Donald Trump: Swamp Kingby digby

While we all fulminate over ancient history, Trump is living large on his yacht as it motors all over the swamp like it owns the place. This story in Newsweek about Trump’s blatant corruption in office seems almost quaint but it’s certainly worth paying attention to:

[A]s the presidential inauguration approached, anticipation bubbled through the sulfurous nexus of Capitol Hill politicians, special interest groups and their K Street lobbyists, the media, the establishment and just about everyone else who had dismissed Trump and his slogans as a publicity stunt. There was now a question, rather urgently in need of an answer: Was he serious about all that “swamp” stuff?

Not really, revealed former House Speaker and loyal Trump supporter Newt Gingrich, admitting to NPR on December 21 that “drain the swamp” was never a genuine promise. “I’m told he now just disclaims that,” Gingrich said a month before Trump was to assume the Oval Office. “He now says it was cute, but he doesn’t want to use it anymore.”Someone from Trump Tower must have placed an angry call, because the former speaker soon tweeted that he’d overstated the case. But that didn’t kill the story. That same day, Politico wondered if “drain the swamp” would be Trump’s “first broken promise.” It cited the access-peddling lobbying firm of Trump’s first campaign manager, Corey R. Lewandowski, as well as the consulting firm with troubling foreign ties run by his incoming national security adviser, Michael T. Flynn. “Trump and his allies have engaged in some of the same practices they accused Hillary Clinton of exploiting and vowed to change,” Politico wrote.Now, a year after the election—and more than a year after Trump first made that pledge to the American people—many observers believe the swamp has grown into a sinkhole that threatens to swallow the entire Trump administration. The number of White House officials currently facing questions, lawsuits or investigation is astonishing: Trump, being sued for violating the “emoluments clause” of the U.S. Constitution by running his Trump International Hotel in Washington, D.C.; Paul J. Manafort, the second Trump campaign manager, indicted on money laundering charges in late October; Flynn, for undisclosed lobbying work done on behalf of the Turkish government; son-in-law and consigliere Jared Kushner, for failing to disclose $1 billion in loans tied to his real-estate company; and at least six Cabinet heads being investigated for or asked about exorbitant travel expenses, security details or business dealings.

An allegation of corruption is, of course, not proof that corruption took place, but when has the American body politic ever awaited certitude before passing judgment? “The most corrupt presidency and administration we’ve ever had,” says Zephyr Teachout, a Fordham University law professor who authored a book titled Corruption in America: From Benjamin Franklin’s Snuff Box to Citizens United.To supporters of the president, charges of corruption are being leveled with undue zeal by anti-Trump forces that will say or do anything to thwart the president’s agenda and lead to his removal from office. “President Trump came to Washington to drain the swamp and is following through on his promises,” White House deputy press secretary Raj S. Shah told me, citing Trump’s executive order on ethics, the elevation to deputy status of ethics lawyers in the White House counsel’s office and “unprecedented steps to rein in waste of taxpayer funds.”Trump friend Christopher Ruddy, the publisher of conservative outlet Newsmax, laughed off the suggestion that Trump would enter public service to enrich himself, as critics have suggested.

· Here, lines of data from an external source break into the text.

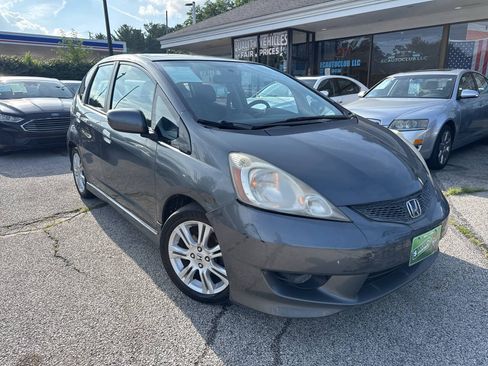 Used 2011 Honda Fit Sport image 1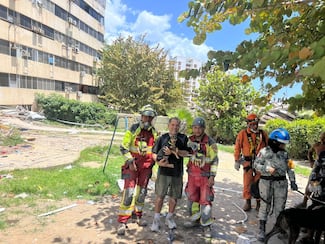 “Sarita” vuelve a la vida: rescatistas mexicanos encuentran con vida a una perrita entre los escombros en Venezuela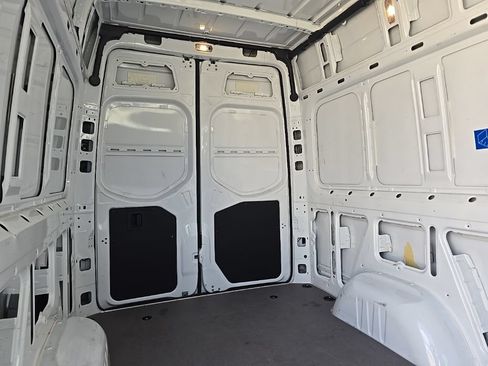 Used 2024 Mercedes-Benz Sprinter 2500 image 14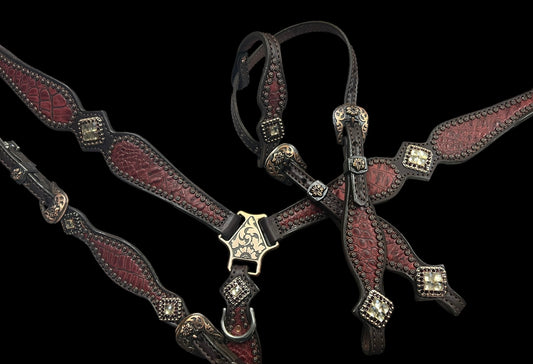 Wine gator on dark leather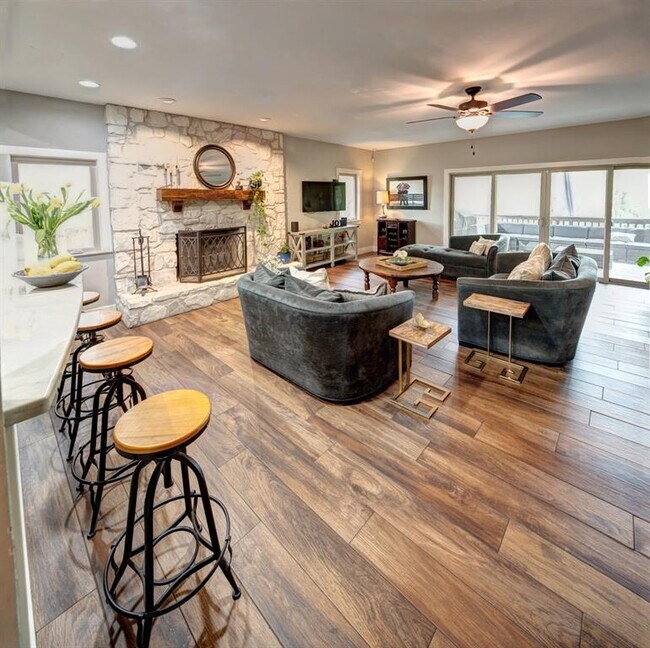 Building Photo - 11408 Spicewood Pkwy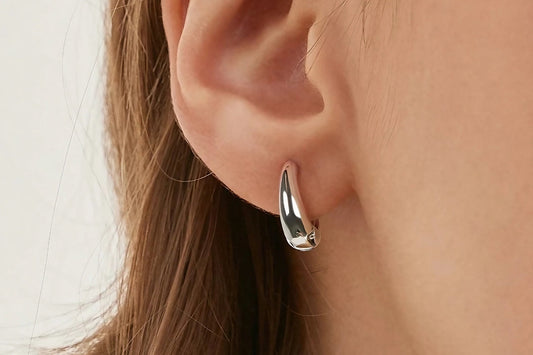 The Complete Guide to Hoop Earrings: Sizes, Styles & How to Wear Them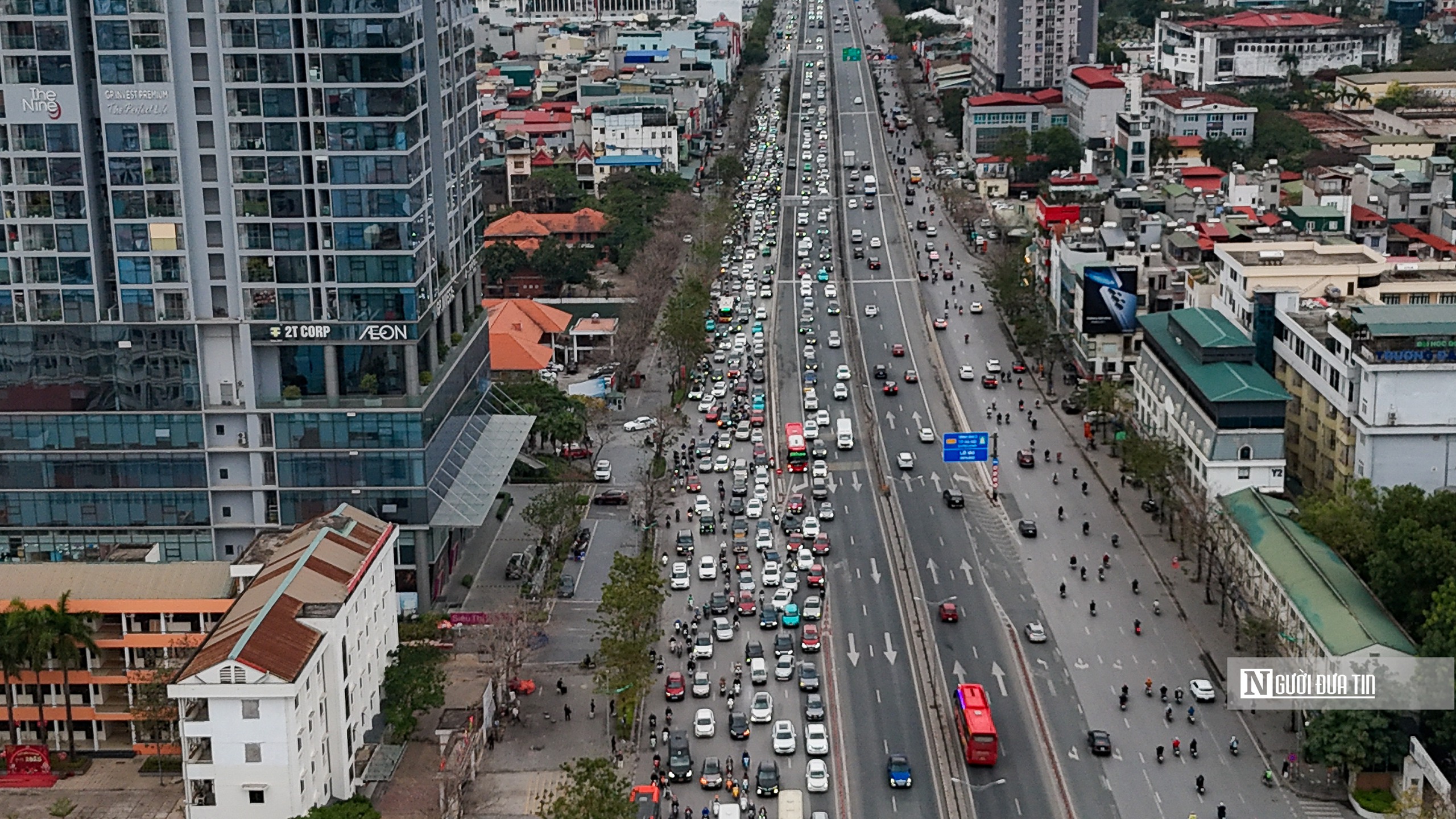 Đường phố Hà Nội thông thoáng ngày đầu đi làm năm Ất Tỵ- Ảnh 2.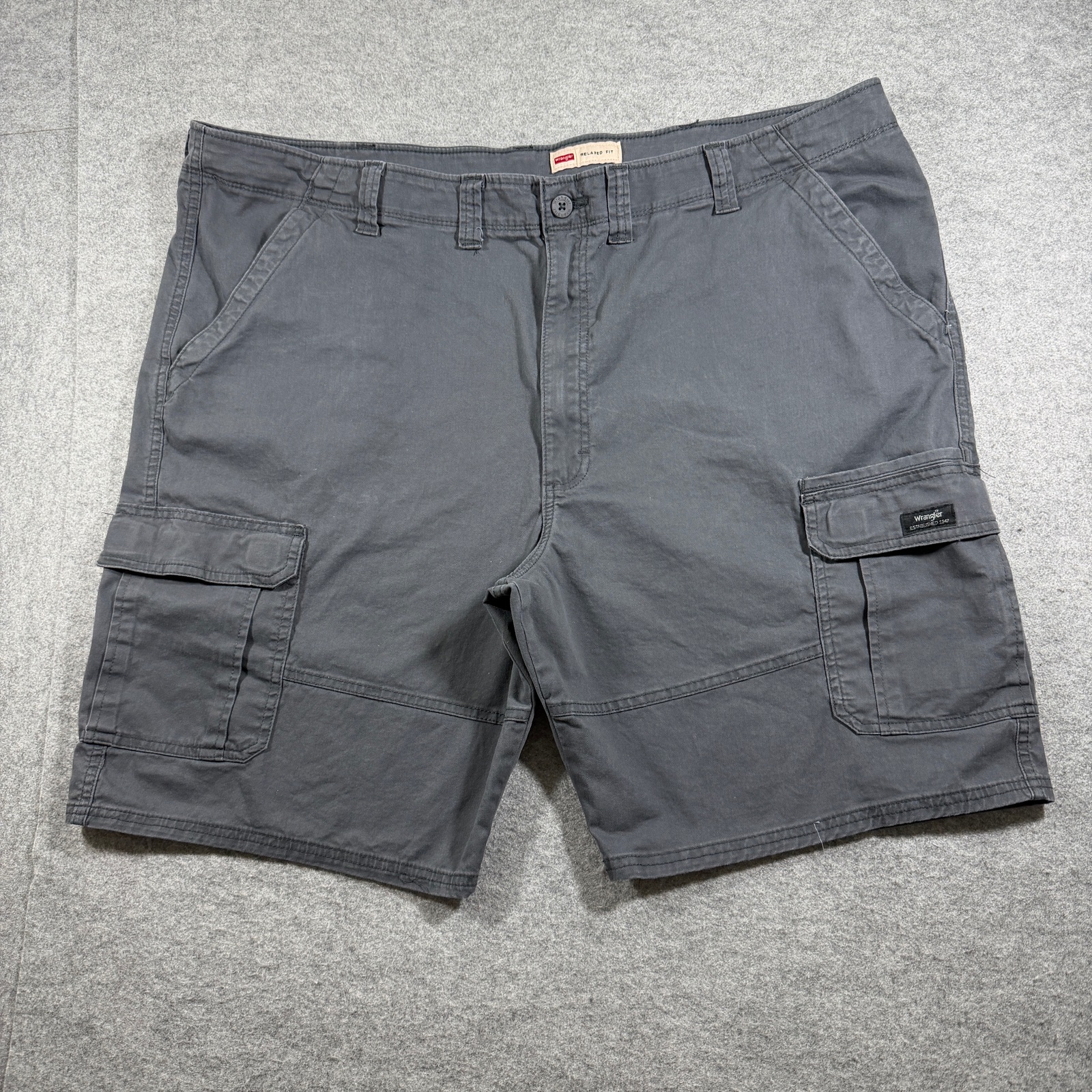 Wrangler Cargo Shorts Mens 48 Gray Relaxed Fit Cotton Utility Workwear Outdoor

At the same time, he added, “I don’t think it’s like they wake up in the morning and say, ‘How can we drain the swamp today?'”

Ruddy thinks Trump can only do so much to fulfill his promise on ethics. “At the end of the day, the swamp rules,” he told me, referencing the enormous class of unelected technocrats that will outlast Trump’s presidency, as well as all the ones that come after.But according to the presidential historian Robert Dallek, no American leader has acted with more unadulterated self-interest as Trump. Dallek says that in terms of outright corruption, Trump is worse than both Ulysses S. Grant and Warren G. Harding, presidents who oversaw the most flagrant instances of graft in American political history. Grant’s stellar reputation as a Civil War general is tarnished in part by the Whiskey Ring scandal, in which Treasury Department officials stole taxes from alcohol distillers; members of Harding’s administration plundered oil reserves in Teapot Dome, a rock outcropping in Wyoming that has lent its name to the most notorious example of government corruption in American political history. In both cases, the fault of the president was in his lack of oversight. As far as Dallek is concerned, something more nefarious is at work in the White House of Donald Trump.“What makes this different,” Dallek says, “is that the president can’t seem to speak the truth about a host of things.” Trump isn’t just allowing corruption, in Dallek’s view, but encouraging it. “The fish rots from the head,” he reminds.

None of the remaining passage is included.